Earlier this morning I saw a question on Opposing Views (A website that I sometimes wander to, they have a gun section within which I enjoy debating weirdos, wackos and anti-freedomists) that was asking whether or not Obama’s pick of Rick Warren was a good idea.  Personally, I don’t believe it is, but mainly because I am unsure of some of Rick Warrens personal positions (like his stance on Global Warming [As an aside, I was doing some research into his positions a little while ago and I stumbled upon this horrendous piece written by a supposed Reverend who should be shouted out of the church for many of his un-biblical beliefs, you can read this article here, and hopefully in the next few days I can find time to rebut his incredulous writings]).  That aside, the issue they were debating was his stance on the gay lifestyle.  I had to check this out.

The Freedom From Religion Foundation posted a response to the question which you can read here.  There was no way I could let their intellectually shaky argument stand… not as a Christian, or more applicably to this particular situation, as an American who loves our country and seeks to bring about a restoration of the freedoms and liberties that made us the greatest nation on earth.   I decided to post my response to their argument here on my blog… it is:

Even your organization’s name has it all wrong…  Nowhere within any of our founding documents are the phrases or concepts of “Freedom From Religion” found.  Neither will you find the separation of Church and State a concept engraved upon the soul of that document or its amendments.  The first amendment simply provides for those with a religious desire to exercise that freely.  The actual wording states:

“Congress shall make no law respecting an establishment of religion, or prohibiting the free exercise thereof; or abridging the freedom of speech, or of the press; or the right of the people peaceably to assemble, and to petition the Government for a redress of grievances.”

For once in your life take a look at that statement and read it for what it actually says, not what you hope it to say.  It simply says Congress shall make no law establishing an official religion, nor shall it make any law prohibiting the practicing of any religion.  Your own bias and misguided view of the document places a non-existent restraint on the ability of any government official to choose how they wish to exercise their own faith, whatever it may be, so long as they do not establish it as an official religion of the nation.

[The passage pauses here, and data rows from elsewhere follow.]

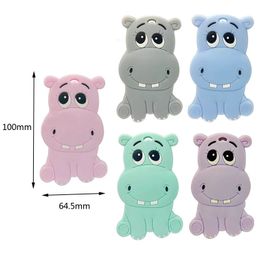 5pcs Baby Teether Cute Silicone Animal chewing Cartoon Stitch Toy A Free Beads DIY Chain childrens goods gift 240415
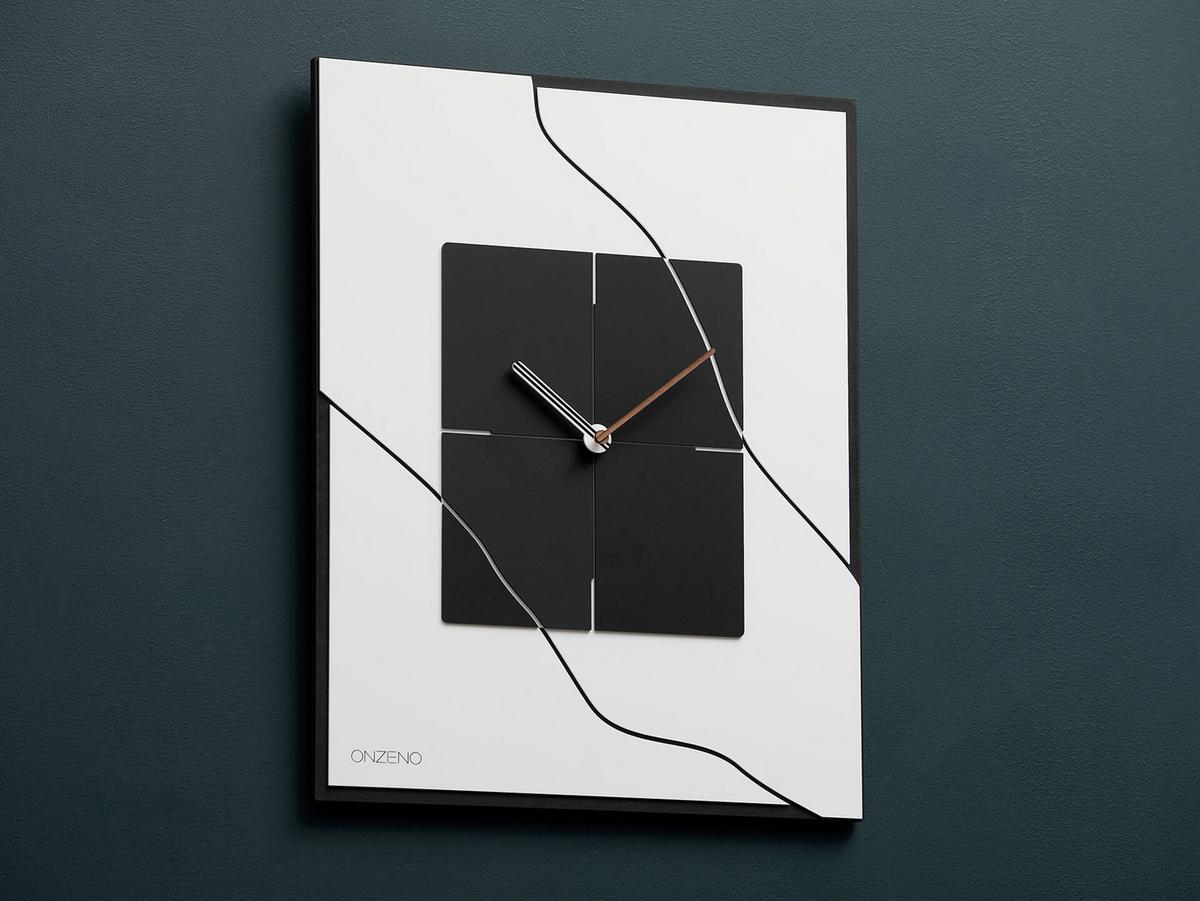 WANDUHR Design Schwarz-Weiß 40/51 cm - Schwarz, Kunststoff (40/50.5/1cm) - ONZENO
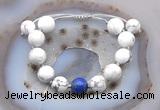 CGB6945 12mm round white howlite & lapis lazuli adjustable bracelets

I know you as an organization are not so ignorant that you do not know the history of the phrase “separation of church and state.”  I can only conclude, then, that it is with willful malice that you seek to mislead my fellow countrymen as to the intentions of the Constitution of these United States and the Amendments thereto.  You must look, in context, at the message from Jefferson the Danbury Baptists and realize that the “wall of separation” mentioned has more to do with assuring those in that religious minority that the Government would let them be and allow them to worship as they saw fit than it has to do with whether or not the Government itself was allowed, in any way, to worship or pay respects to any deity, most likely at the time to be the God of the Christians.

 To prove my point I will end my rebuttal to your answer with the actual text of the letters, which show unerringly the meaning behind Jefferson’s words and will hopefully clarify the subject for many of my fellow citizens of these great United States.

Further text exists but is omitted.